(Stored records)
______

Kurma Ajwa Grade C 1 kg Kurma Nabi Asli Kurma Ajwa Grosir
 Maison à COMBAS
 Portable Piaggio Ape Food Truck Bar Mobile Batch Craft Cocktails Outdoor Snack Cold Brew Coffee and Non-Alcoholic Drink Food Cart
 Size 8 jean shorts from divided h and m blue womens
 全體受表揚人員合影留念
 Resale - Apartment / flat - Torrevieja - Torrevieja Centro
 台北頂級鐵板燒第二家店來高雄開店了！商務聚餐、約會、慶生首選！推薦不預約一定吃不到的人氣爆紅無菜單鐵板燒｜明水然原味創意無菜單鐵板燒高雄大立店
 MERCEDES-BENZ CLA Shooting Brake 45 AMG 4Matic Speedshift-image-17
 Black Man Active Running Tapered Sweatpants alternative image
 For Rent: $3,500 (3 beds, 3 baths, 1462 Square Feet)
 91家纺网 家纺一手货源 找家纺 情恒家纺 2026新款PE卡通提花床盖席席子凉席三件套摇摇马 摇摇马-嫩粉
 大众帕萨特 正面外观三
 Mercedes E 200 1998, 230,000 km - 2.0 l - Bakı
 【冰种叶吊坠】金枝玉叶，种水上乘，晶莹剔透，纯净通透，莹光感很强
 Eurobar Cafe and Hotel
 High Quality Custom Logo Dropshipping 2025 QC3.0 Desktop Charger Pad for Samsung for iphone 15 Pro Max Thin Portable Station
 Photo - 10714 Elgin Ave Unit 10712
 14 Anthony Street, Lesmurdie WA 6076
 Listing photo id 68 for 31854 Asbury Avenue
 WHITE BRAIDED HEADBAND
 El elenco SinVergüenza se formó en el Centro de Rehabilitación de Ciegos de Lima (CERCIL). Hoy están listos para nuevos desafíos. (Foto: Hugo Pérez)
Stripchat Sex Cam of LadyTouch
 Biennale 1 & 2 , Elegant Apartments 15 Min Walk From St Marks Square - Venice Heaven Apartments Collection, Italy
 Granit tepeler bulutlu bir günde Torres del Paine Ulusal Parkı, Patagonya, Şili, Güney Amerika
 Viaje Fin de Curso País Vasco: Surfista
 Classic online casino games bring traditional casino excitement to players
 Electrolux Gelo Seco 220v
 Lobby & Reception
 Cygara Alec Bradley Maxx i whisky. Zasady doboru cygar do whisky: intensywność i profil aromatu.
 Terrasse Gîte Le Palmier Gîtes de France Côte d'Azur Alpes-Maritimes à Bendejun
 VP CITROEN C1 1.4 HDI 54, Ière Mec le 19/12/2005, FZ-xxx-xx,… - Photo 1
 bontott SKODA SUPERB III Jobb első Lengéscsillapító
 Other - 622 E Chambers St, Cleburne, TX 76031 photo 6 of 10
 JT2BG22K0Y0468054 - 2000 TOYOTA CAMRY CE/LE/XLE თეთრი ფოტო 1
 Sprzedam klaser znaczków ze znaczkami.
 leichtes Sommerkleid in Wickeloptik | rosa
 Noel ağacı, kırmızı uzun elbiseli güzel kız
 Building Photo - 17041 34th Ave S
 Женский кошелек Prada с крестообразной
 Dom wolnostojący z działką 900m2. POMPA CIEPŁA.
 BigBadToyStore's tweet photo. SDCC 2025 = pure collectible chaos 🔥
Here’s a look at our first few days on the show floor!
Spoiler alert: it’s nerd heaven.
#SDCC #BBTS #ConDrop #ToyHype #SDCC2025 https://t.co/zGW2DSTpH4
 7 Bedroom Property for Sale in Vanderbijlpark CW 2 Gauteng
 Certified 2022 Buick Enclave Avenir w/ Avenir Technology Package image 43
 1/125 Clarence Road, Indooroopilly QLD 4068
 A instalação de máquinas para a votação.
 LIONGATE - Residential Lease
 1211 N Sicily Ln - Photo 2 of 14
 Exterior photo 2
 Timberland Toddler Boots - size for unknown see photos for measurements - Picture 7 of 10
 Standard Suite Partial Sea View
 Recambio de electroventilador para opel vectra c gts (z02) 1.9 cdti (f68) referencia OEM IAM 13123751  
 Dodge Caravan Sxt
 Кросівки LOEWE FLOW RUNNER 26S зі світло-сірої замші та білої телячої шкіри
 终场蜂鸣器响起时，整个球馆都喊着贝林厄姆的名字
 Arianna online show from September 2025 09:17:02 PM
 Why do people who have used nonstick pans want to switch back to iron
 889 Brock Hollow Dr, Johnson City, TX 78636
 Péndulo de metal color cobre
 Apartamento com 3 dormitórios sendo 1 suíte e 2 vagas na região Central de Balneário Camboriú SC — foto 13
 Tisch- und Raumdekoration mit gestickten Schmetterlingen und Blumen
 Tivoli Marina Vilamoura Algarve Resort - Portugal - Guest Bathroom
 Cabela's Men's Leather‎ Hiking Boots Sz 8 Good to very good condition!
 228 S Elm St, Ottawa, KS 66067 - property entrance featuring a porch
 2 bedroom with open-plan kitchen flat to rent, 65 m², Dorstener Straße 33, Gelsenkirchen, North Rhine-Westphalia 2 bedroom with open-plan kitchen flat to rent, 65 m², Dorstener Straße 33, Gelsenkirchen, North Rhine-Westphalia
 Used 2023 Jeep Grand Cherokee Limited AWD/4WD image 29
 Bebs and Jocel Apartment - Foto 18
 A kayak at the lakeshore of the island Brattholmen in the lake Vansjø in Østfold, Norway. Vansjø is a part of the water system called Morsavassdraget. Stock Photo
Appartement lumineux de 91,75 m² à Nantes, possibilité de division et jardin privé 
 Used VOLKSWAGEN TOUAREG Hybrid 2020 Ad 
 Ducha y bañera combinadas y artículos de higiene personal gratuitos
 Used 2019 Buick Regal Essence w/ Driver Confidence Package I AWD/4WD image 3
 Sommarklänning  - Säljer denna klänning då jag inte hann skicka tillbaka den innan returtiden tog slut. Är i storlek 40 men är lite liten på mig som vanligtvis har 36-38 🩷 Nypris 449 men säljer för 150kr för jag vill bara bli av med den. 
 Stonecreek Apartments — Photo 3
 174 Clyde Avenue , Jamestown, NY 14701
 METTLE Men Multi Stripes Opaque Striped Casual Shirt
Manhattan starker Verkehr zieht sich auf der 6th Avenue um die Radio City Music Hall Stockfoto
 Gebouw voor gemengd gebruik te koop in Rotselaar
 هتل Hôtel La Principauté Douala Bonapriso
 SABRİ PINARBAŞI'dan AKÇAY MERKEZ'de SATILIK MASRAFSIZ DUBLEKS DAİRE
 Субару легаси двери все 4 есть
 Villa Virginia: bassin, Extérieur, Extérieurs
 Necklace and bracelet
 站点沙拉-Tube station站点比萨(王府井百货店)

______

▶ Task prompt:
Write the "هتل Hôtel La Principauté Douala Bonapriso" line and all later lines exactly. Stop at the end of the data.

▶ Answer to the problem:
 هتل Hôtel La Principauté Douala Bonapriso
 SABRİ PINARBAŞI'dan AKÇAY MERKEZ'de SATILIK MASRAFSIZ DUBLEKS DAİRE
 Субару легаси двери все 4 есть
 Villa Virginia: bassin, Extérieur, Extérieurs
 Necklace and bracelet
 站点沙拉-Tube station站点比萨(王府井百货店)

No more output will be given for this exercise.